THE STARS ARE FIRE BY ANITA SHREVE
Anita Shreve does it again in The Stars Are Fire, a satisfying read about a woman in Maine trying to support her family after her husband disappears in a massive fire. Shreve is a master storyteller, and The Stars Are Fire unspools beautifully as Grace slowly earns her independence, only to see it threatened when circumstances suddenly change. This one is hard to put down.
OUR SHORT HISTORY BY LAUREN GRODSTEIN
Our Short History by Lauren Grodstein takes on the imaginable: a single mother facing a terminal illness and the prospect of leaving her young son behind. Karen does her best to prepare her son – and herself – for her inevitable death, while navigating fraught waters when her son’s father re-enters her life after 9 years. Grodstein’s book, while sad, is also funny and deeply honest.
THE ARRANGEMENT BY SARAH DUNN
In Sarah Dunn’s capable hands a ho-hum suburban marriage deftly explores what happens when the couple decides to open it up to a third party for six months. The Arrangement is smart, funny and well-written—with familiar relationships and textured characters. A perfect summer read for fans of books about marriage and relationships.

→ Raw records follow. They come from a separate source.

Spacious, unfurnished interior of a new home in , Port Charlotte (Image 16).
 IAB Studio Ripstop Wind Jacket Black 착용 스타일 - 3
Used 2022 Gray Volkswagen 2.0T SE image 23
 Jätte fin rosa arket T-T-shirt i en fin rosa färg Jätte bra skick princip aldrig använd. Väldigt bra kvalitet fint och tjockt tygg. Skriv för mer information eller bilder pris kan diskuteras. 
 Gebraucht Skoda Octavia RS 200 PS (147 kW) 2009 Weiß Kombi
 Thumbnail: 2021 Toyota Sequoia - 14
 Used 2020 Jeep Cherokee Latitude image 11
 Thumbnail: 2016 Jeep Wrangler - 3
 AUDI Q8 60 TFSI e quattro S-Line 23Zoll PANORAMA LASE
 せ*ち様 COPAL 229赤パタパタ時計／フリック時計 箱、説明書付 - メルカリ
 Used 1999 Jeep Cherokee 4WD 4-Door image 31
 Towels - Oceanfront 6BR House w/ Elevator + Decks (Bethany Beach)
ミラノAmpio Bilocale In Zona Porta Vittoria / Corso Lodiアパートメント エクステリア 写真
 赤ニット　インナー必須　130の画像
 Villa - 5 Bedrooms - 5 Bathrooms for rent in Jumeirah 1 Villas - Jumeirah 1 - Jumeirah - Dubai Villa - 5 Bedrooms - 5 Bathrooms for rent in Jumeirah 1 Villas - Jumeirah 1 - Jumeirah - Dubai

PERFECT LITTLE WORLD BY KEVIN WILSON
Perfect Little World by Kevin Wilson is about the Infinite Family Project, a community of parents who have decided to raise their children together in a group setting run by a researcher and funded by an eccentric billionaire. Wilson explores the complications of such an arrangement, as its inhabitants make some bad decisions but ultimately try to make it work as a family. Perfect Little World is a thoughtful, well-written novel.